PH. G. : Je dis « Je suis photographe et ce ne sont que des photographies » pour bien distinguer que ce livre n’est pas l’histoire du « tirailleur sénégalais » et encore moins l’épopée du « tirailleur sénégalais ». Donc, j’ai mis de côté mon passé d’historien même si dans ma façon de procéder, dans la rencontre, je pense que ma formation nourrit mon travail. Mais l’idée c’est aussi d’apporter de la matière orale et vivante à des historiens qui peuvent être intéressés par ces questions et qui vont les mettre en perspective. J’ai voulu repartir à la source sur le terrain et rester en même temps à ma place c’est-à-dire celle de photographe, ce que j’ai produit ne sont que des photographies même si je collabore avec des historiens et des sociologues. Finalement ce ne sont que 20, 30 histoires d’hommes et de femmes.

RFI : Mais est-ce que ce sujet pouvait vous intéresser autant si vous n’étiez pas historien ?

PH. G. : Je ne sais pas. Je pense que non parce que c’est vrai que je commence à avoir un passé, un passif très fort par rapport à cette histoire. C’est vrai que mon passé d’étudiant en histoire et historien nourrit mon travail mais dans ce que je montre et ce que je dis je veux rester à ma place de photographe, de militant par rapport à la question des pensions et de la retraite des anciens combattants, ainsi que par rapport à leur mémoire.

RFI : Vous travaillez sur une photographie sociale autour des thèmes de mémoire. Comment photographie-t-on la mémoire des hommes ?

PH. G. : Je suis devenu photographe parce que j’aime les gens. Donc j’avais envie de travailler dans la durée, développer une photographie par des hommes et qui s’inscrit dans la durée. La durée c’est le temps qui passe. Et de par ma formation je suis sensible à la mémoire. Traiter la mémoire c’est par exemple s’intéresser aux hommes porteurs de cette mémoire quand ils sont encore présents. Et c’est aussi travailler sur des lieux, des lieux de mémoires dans lesquels il s’est passé des choses. Des lieux où les hommes porteurs de l’histoire sont passés. Dans ce travail, « Les anciens combattants », il y a beaucoup de détails : des documents d’époque, des mains à défaut des visages, des lieux, des lieux de mémoire, des lieux de vie, des maisons, des paysages ou des lieux de mort, des cimetières. Donc pour moi photographier la mémoire est une quête mémorielle, très personnelle également, qui est mise sur une surface sensible à travers des portraits d’hommes et de femmes et de lieux et d’essayer de retrouver l’esprit des lieux.
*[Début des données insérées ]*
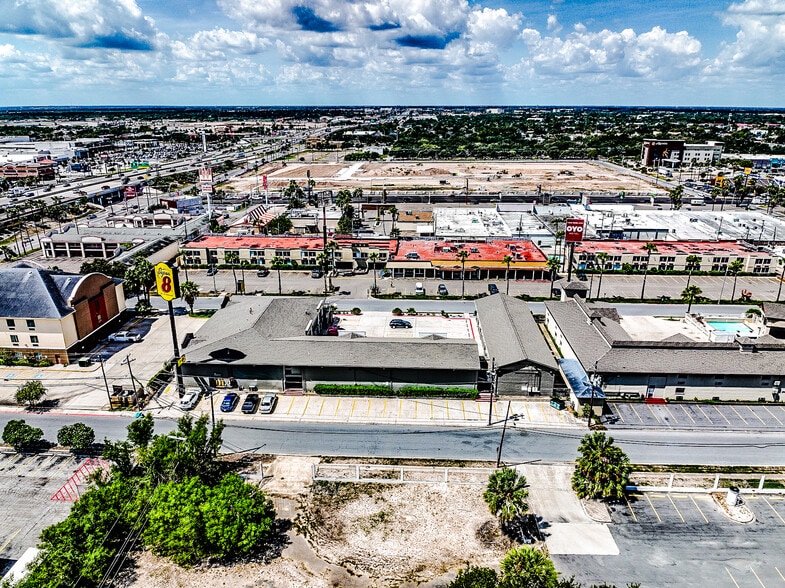 More Photos Of 1505 S 9th St, McAllen Hotel For Sale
RFI : Quelle était la réaction des anciens combattants et de leur famille d’abord en découvrant votre projet et par la suite votre travail ?

PH. G. : C’étaient des moments d’intensité très forte. En général quand je vais dans un pays africain, les premiers contacts sont toujours les mêmes c’est-à-dire que je suis considéré, que je le veuille ou non, comme l’envoyé spécial du président Chirac : je suis l’émissaire que la France envoie enfin. Alors, je me sens comme le petit blanc qui est un peu dépassé par les événements à chaque fois. Mais je leur explique ma démarche, je leur explique ce que je veux faire, quel rôle de passeur de mémoire j’essaie d’avoir par la photographie et que je n’ai pas la prétention de résoudre tous leurs problèmes, mais que je vais tout faire pour en parler sur la place publique en France. Il y a alors des temps très forts. Mais le résultat, le livre et le CD, ils ne l’ont pas vu encore. Je m’attends à des réactions très fortes le jour où ils vont découvrir cet ouvrage.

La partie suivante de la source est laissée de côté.